INPUT FOR THIS TASK:
• • •

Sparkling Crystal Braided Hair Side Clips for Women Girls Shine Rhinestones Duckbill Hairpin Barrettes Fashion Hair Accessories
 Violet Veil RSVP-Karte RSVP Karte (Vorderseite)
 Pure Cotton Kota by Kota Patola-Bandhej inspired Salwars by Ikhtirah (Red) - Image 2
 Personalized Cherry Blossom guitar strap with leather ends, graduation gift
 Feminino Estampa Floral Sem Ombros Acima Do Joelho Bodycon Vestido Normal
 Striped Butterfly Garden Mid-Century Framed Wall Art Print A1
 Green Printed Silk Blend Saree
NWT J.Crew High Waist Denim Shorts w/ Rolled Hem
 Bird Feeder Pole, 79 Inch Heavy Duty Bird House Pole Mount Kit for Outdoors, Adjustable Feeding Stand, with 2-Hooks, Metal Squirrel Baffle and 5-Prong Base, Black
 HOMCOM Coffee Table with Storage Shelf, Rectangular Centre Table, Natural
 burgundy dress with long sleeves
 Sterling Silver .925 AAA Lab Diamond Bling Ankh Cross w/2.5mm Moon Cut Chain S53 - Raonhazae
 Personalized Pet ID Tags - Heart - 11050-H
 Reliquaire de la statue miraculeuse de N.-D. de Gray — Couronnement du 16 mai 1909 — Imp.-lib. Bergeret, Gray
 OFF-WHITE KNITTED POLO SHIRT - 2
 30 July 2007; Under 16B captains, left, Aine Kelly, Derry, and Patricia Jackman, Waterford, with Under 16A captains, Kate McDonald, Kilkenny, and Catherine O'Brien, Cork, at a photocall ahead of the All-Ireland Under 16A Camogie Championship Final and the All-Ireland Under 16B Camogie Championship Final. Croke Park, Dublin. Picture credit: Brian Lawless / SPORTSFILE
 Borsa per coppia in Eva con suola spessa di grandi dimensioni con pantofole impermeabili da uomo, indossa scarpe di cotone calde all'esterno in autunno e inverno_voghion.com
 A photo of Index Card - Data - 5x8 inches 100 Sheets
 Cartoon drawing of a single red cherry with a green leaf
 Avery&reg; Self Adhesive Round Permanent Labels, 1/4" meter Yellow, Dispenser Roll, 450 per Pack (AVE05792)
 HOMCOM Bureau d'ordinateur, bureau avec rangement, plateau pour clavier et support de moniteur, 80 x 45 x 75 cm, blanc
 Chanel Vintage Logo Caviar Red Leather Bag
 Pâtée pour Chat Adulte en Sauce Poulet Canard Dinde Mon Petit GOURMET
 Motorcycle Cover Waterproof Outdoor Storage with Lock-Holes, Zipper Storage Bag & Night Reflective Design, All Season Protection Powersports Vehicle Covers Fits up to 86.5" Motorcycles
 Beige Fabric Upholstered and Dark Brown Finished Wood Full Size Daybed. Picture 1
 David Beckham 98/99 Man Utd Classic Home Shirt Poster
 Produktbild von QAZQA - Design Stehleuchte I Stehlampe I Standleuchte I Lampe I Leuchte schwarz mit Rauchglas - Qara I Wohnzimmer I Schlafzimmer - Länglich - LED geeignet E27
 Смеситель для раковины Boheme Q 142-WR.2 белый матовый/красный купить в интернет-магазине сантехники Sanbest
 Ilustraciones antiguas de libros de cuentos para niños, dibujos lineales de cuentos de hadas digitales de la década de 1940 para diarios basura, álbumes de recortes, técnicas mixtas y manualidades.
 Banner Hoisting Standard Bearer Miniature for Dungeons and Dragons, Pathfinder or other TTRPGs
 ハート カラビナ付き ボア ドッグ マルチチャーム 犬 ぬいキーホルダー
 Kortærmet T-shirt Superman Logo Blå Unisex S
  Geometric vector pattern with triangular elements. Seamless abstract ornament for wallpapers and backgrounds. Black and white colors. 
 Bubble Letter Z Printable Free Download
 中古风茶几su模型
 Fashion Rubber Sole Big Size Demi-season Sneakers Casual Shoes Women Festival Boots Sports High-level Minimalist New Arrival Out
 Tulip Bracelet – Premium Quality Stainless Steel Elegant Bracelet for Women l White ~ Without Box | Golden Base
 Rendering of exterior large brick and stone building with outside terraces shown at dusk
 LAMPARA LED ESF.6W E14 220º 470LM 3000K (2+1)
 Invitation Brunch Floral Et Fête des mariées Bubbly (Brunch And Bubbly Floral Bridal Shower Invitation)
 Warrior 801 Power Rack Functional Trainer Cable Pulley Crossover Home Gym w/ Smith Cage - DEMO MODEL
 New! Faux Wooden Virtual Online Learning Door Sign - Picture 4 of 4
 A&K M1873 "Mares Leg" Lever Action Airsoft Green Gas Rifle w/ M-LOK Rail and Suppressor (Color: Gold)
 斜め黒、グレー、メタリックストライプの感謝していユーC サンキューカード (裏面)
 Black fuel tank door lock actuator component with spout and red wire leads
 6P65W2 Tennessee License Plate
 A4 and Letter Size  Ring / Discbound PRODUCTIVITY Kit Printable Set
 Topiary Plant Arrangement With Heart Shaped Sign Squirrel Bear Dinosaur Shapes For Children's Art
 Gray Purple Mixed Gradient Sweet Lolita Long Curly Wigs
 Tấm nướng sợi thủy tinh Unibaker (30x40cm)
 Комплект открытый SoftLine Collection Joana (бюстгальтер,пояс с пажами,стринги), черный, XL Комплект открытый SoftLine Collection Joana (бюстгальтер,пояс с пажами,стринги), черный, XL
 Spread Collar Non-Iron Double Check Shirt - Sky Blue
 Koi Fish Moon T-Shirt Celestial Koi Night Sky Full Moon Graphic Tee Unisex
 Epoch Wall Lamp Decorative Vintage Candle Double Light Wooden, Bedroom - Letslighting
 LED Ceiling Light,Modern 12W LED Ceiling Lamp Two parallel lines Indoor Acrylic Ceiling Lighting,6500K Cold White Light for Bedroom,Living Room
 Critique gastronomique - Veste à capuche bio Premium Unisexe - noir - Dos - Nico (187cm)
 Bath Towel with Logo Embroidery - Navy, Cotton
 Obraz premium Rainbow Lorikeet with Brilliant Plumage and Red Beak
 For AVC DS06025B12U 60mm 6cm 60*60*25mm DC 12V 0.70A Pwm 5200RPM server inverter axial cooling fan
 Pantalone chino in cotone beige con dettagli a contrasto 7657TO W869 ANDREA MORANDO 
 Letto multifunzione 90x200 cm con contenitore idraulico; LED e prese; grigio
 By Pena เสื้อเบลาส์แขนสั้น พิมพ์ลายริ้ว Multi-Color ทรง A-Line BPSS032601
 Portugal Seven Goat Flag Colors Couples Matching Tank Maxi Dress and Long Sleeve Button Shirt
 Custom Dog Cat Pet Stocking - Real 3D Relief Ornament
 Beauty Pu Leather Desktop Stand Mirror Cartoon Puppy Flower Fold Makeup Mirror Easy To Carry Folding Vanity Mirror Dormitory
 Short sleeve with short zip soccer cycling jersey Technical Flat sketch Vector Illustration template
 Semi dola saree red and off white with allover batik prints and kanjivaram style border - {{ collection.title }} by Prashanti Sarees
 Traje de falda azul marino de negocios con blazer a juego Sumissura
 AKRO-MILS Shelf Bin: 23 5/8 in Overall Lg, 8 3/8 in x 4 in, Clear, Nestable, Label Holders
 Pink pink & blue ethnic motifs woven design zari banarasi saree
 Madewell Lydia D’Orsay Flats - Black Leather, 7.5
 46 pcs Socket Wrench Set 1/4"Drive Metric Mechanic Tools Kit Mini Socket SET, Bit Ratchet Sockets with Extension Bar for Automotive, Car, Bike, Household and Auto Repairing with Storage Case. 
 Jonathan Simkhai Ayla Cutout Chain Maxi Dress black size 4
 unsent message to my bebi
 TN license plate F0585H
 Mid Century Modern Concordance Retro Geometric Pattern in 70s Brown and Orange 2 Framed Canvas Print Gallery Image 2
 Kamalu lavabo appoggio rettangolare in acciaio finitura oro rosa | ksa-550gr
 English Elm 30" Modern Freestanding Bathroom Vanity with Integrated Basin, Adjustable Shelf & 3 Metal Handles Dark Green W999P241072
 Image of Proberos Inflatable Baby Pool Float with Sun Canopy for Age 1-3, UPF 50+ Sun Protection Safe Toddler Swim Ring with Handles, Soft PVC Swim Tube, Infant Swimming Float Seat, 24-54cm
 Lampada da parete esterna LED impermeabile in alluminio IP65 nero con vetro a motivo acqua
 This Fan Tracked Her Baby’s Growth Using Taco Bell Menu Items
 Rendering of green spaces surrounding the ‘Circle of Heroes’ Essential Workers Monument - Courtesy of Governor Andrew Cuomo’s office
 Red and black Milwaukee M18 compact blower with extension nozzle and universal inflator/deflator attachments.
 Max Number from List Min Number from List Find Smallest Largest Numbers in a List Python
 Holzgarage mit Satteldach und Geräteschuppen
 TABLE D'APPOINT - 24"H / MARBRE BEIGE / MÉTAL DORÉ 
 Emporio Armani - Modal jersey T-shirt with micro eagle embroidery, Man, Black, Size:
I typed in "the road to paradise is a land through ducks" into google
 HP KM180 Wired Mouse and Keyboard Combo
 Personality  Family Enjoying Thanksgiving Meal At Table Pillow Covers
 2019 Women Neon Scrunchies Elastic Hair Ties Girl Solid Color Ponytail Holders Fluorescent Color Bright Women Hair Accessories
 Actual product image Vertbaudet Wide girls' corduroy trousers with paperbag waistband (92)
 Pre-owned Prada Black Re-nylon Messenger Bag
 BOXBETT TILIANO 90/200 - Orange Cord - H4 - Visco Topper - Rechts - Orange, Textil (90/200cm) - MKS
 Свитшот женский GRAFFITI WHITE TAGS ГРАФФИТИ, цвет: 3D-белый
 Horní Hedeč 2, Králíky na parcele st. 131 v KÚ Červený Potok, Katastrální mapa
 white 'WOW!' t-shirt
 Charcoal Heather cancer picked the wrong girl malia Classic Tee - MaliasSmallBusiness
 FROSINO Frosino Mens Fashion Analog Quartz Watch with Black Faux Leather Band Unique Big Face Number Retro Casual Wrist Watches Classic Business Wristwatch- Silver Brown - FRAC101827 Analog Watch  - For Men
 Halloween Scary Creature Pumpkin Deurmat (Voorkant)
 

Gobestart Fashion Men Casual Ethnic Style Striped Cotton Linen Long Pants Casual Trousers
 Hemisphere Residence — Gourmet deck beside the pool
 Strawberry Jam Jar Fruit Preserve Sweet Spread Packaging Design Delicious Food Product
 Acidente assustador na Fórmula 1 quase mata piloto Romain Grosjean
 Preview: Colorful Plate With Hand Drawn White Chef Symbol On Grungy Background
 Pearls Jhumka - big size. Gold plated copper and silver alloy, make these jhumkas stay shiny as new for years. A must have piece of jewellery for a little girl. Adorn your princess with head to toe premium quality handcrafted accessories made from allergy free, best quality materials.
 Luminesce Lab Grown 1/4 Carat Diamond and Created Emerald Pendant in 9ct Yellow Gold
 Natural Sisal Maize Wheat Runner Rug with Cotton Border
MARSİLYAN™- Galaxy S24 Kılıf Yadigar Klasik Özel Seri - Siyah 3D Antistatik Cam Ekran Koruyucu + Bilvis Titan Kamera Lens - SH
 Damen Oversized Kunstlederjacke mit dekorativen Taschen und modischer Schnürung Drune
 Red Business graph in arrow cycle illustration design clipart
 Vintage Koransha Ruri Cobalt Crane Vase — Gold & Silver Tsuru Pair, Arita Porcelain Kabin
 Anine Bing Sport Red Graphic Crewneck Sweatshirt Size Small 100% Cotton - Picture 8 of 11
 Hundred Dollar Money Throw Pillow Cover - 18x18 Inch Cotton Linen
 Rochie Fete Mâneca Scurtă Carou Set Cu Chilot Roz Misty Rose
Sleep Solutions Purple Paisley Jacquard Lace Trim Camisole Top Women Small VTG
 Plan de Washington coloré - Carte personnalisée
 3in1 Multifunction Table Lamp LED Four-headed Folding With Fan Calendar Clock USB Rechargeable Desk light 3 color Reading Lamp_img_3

• • •

ASSIGNMENT: All lines with the word "Number" should be copied from the material above.

SOLUTION FOR THIS PROBLEM:
 Max Number from List Min Number from List Find Smallest Largest Numbers in a List Python
 FROSINO Frosino Mens Fashion Analog Quartz Watch with Black Faux Leather Band Unique Big Face Number Retro Casual Wrist Watches Classic Business Wristwatch- Silver Brown - FRAC101827 Analog Watch  - For Men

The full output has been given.